┌─ RECORD EXTRACTS

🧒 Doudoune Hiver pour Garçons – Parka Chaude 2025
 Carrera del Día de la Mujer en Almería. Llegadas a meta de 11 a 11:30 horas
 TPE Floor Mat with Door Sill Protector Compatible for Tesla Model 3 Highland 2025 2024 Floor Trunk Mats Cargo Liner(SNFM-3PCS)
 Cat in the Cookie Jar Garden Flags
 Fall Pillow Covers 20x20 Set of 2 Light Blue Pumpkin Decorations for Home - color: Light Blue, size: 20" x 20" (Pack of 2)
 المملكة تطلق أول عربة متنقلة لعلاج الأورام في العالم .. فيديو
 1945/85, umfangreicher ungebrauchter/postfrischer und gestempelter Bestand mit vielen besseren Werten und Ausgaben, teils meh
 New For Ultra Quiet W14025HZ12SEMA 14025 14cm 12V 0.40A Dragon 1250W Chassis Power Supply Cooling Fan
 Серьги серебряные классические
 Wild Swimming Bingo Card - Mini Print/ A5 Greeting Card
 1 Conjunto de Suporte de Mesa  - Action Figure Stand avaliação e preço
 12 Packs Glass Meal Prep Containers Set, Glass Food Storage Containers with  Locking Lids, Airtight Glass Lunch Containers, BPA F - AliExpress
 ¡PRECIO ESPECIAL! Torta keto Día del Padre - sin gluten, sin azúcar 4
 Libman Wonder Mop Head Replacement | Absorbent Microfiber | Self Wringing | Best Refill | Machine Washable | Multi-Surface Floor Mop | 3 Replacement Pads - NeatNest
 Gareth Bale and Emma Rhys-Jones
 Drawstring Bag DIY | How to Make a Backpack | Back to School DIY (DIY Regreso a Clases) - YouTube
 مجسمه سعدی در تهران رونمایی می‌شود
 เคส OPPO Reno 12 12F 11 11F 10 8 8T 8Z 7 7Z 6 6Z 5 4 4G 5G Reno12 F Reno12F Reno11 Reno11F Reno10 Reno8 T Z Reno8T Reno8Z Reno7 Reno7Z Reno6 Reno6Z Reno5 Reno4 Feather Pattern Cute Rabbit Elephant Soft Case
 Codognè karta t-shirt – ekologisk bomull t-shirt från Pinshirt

└─

TO DO: Identify the lines of the data that contain the word "with". Copy each of them.

OUTPUT FOR THIS EXERCISE:
 TPE Floor Mat with Door Sill Protector Compatible for Tesla Model 3 Highland 2025 2024 Floor Trunk Mats Cargo Liner(SNFM-3PCS)
 12 Packs Glass Meal Prep Containers Set, Glass Food Storage Containers with  Locking Lids, Airtight Glass Lunch Containers, BPA F - AliExpress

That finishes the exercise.